Provided data Block Start

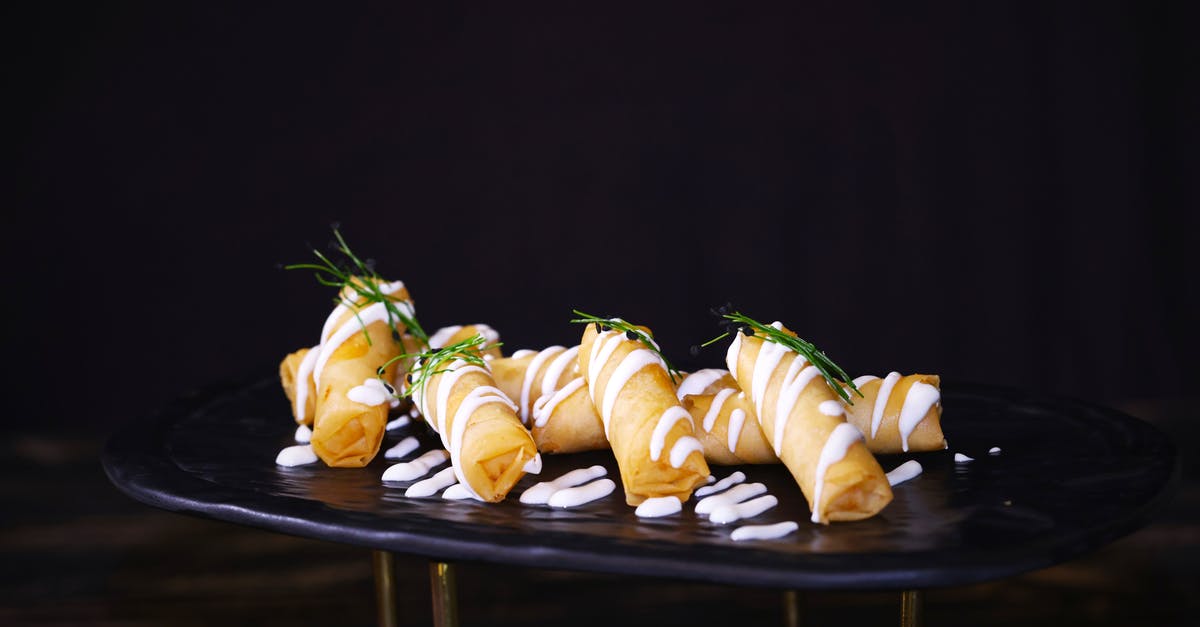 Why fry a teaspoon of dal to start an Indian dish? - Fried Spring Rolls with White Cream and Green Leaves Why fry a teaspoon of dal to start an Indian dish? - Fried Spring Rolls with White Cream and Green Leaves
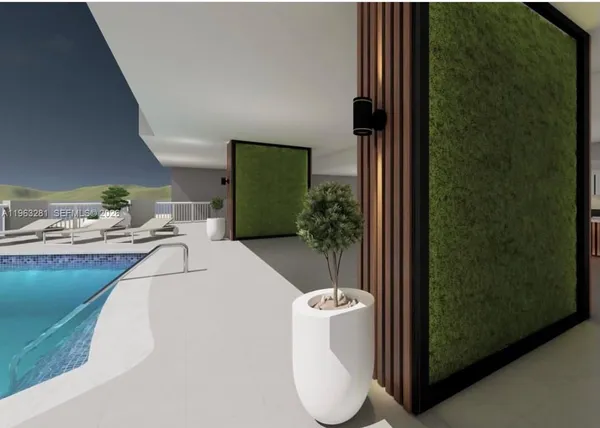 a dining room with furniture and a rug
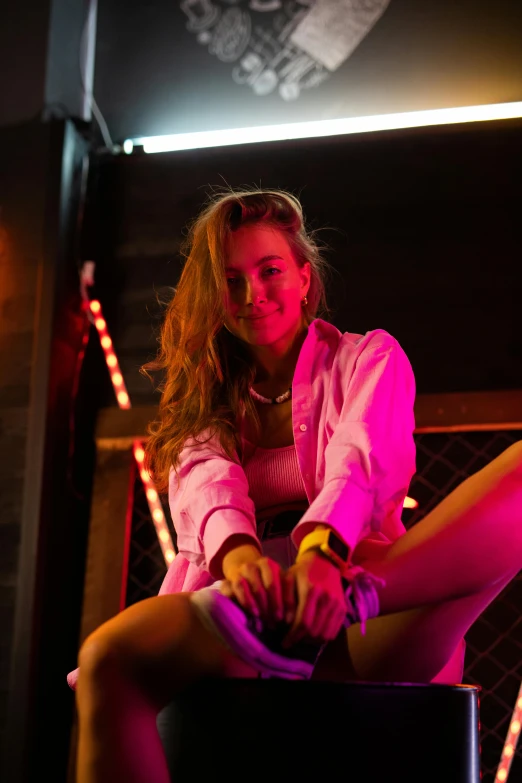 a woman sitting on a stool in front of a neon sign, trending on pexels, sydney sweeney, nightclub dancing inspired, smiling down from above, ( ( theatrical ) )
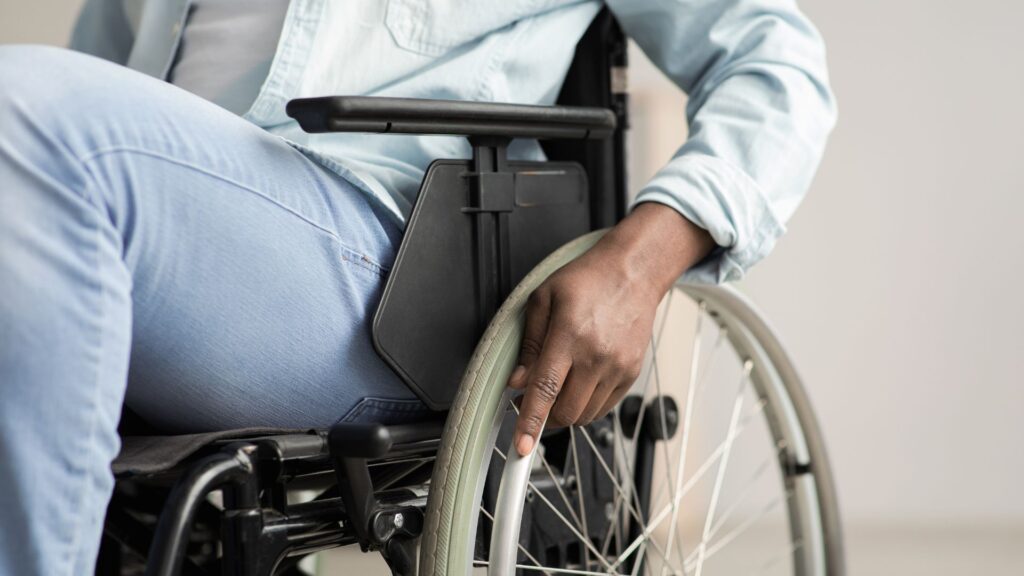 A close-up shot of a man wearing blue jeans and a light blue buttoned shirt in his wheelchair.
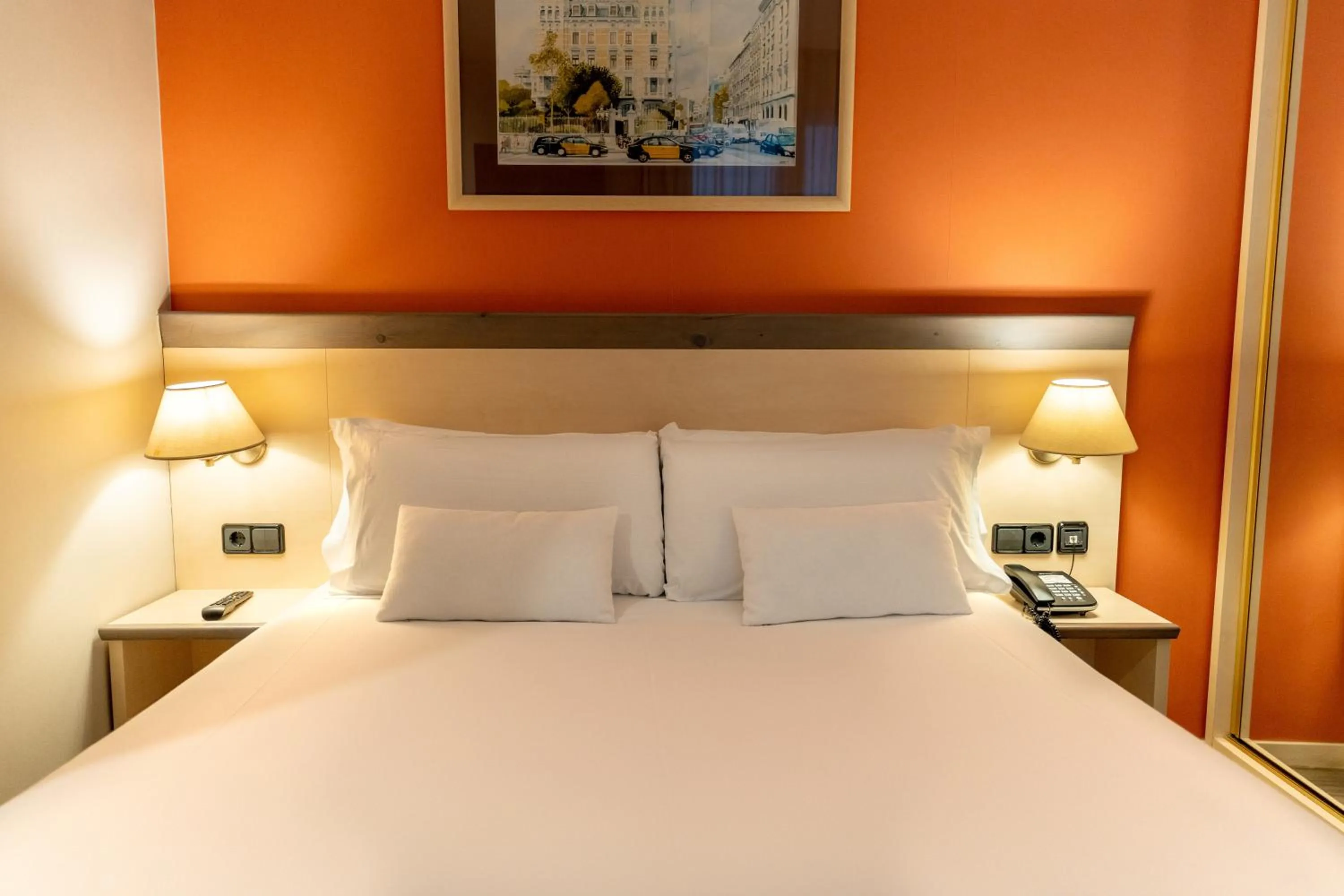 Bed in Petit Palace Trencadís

Provided data Block End

## Your assignment
Your reply should consist solely of the lines from the line containing "a dining room with furniture and a rug" through the last line of the listing, unchanged and free of pictures.

## Response area
 a dining room with furniture and a rug
 a woman sitting on a stool in front of a neon sign, trending on pexels, sydney sweeney, nightclub dancing inspired, smiling down from above, ( ( theatrical ) )
 A close-up shot of a man wearing blue jeans and a light blue buttoned shirt in his wheelchair.
 Bed in Petit Palace Trencadís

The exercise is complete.